One day a nice gentleman and his sons came and started looking me over. They checked me out pretty well. The salesman is really making his pitch. They all go away. The next thing I know some of my friends (implements) and I are on a truck and starting the first of what will be several trips to the north (in my life time). This trip isn’t too far only to Gardiner, NY and the farm of Ken Shafer. Here I am working with my friends and a cousin, A Case VAC. One winter day I feel this little bottom sitting on my seat and making engine noises. Why it’s Mr. Shafer’s first Grandson, Keith.
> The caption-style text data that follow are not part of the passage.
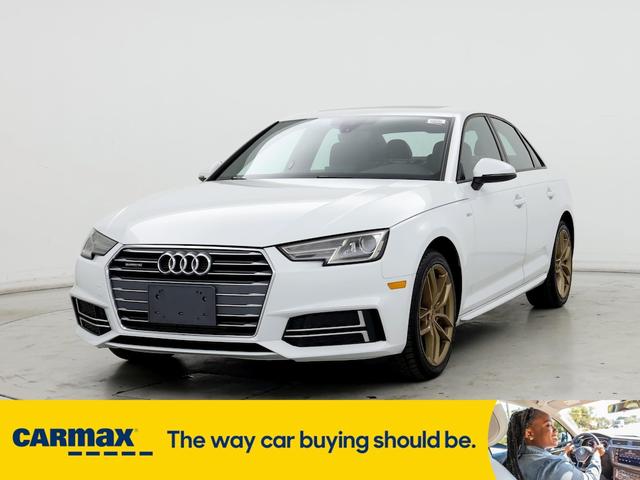 2018 audi a4 premium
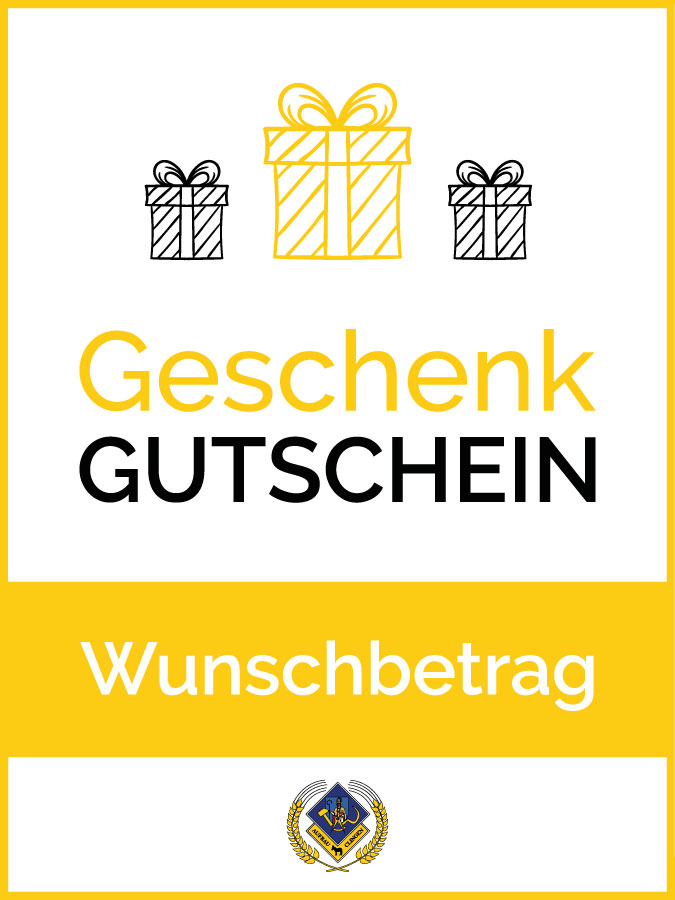 Gutschein zum Ausdrucken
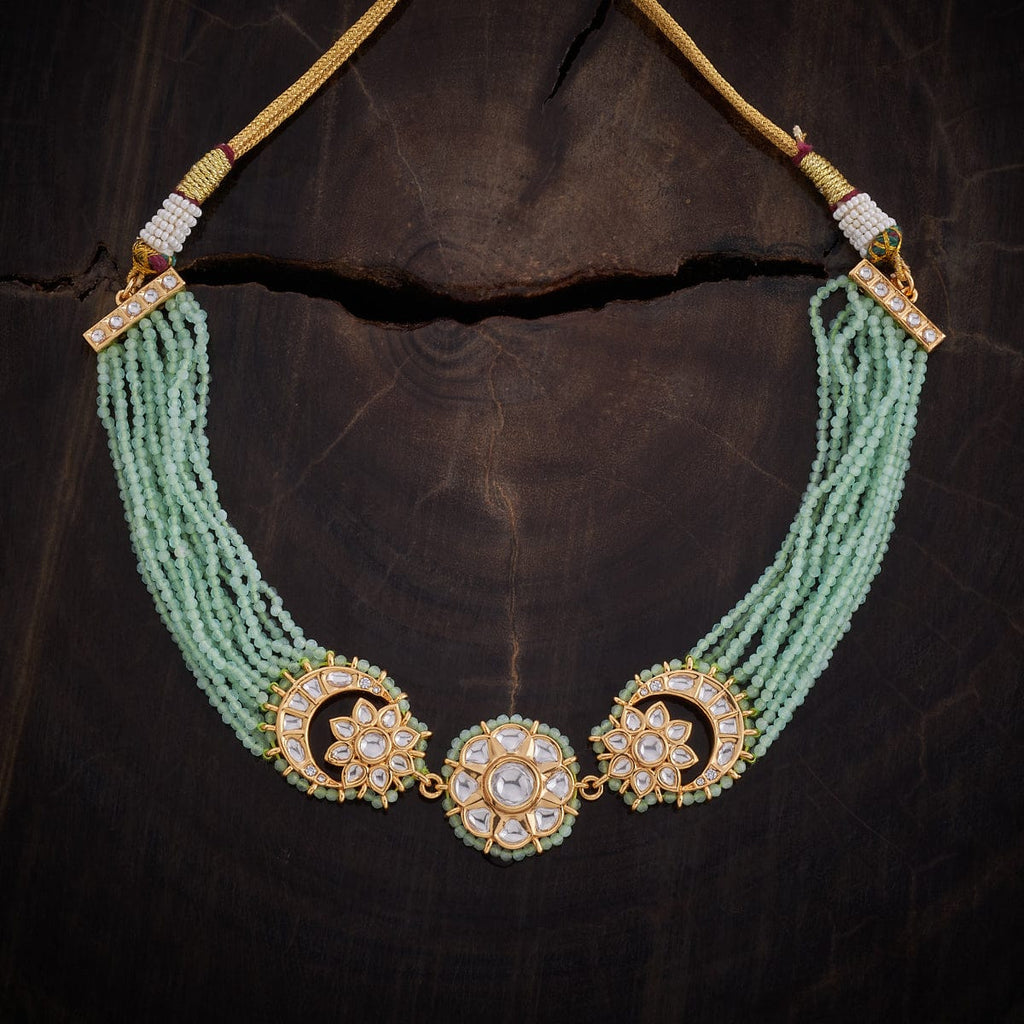 Kundan Necklace Kundan Necklace 161522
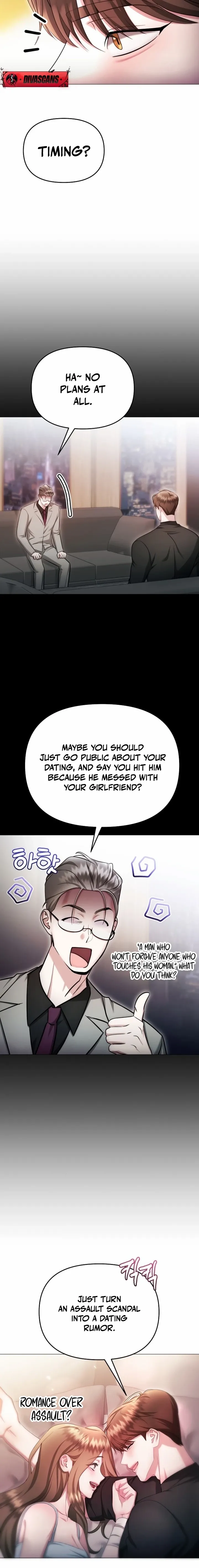 The Thrilling Temptation of a Boyfriend Chapter 27 page 17 - 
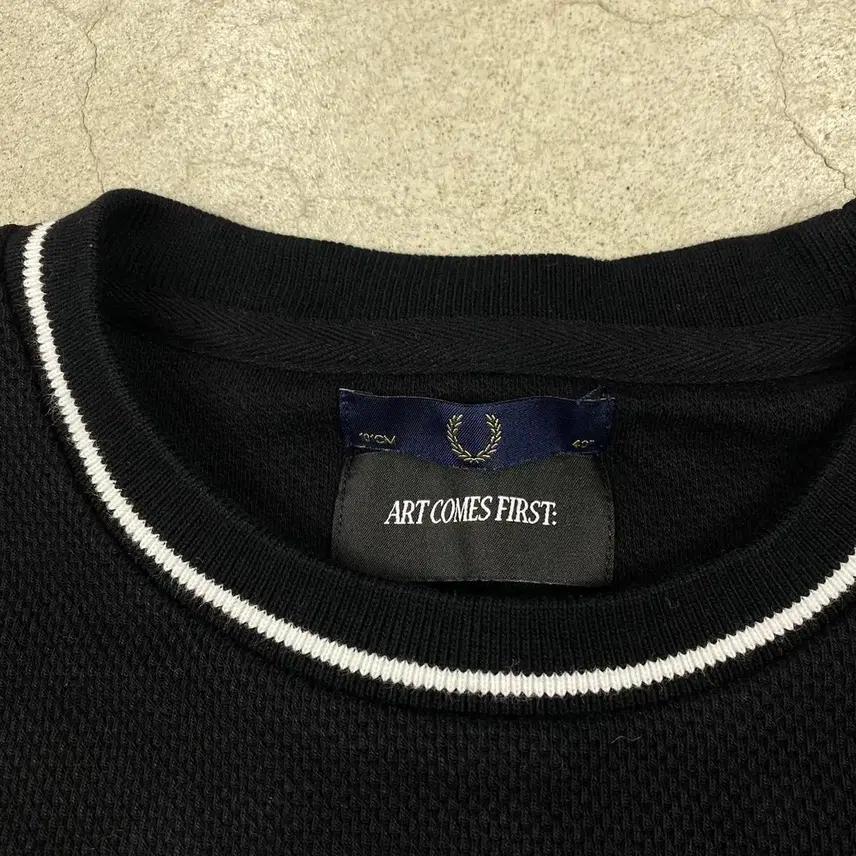 Fred Perry X Art Comes First 스웻 셔츠 (97) 7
I will get to know him more and more as time goes on.
I spend the next many years as one of the main tractors here on the Albany Post Rd. farm.
In 1966 a new tractor makes an appearance, it is green in color and a Diesel. The name plate says John Deere 2510 Diesel. Well I still get a work out, as my Loader “keeps me in the game.” In 1970 I get a new operator, that first grandson again. Interesting that he only runs me in the fields his mother can’t see . . . Other tractors come and go on the farm, some blue, some green. But I don’t mind, on the coldest days I will start, without all the hoopla of getting a diesel started. In 1976 the farm gets some new additions, including a barn called a free stall. Guess who is given the crappiest job on the farm? That’s right me. I am now the crapper, oops, I mean scrapper tractor and here I spend over the next two decades going back and forth, back and forth! Something more than 400,000 times!
January 1977, I’m famous, well sort of. I appear in the local paper with Keith who is plugging the 4-H Tractor Operators Course that is coming up next month. A good thing it isn’t a real close shot!
In 1980 a cousin of the Shafer’s who is a mechanic does an in chassis overhaul on my engine and Mr. Shafer’s oldest son, Ken gives my tin work a new paint job. Spring 1986, and it sure is quiet and slower here in the barn. I hear something that the herd went to a buy out program. Those pesky milk cows are gone, (to a farm in Pa.). Boy, I didn’t think I would miss them, eating my wires, pushing up on me, and messing on me, but I do. Those young heifers just aren’t the same. They sure do make less of a mess though.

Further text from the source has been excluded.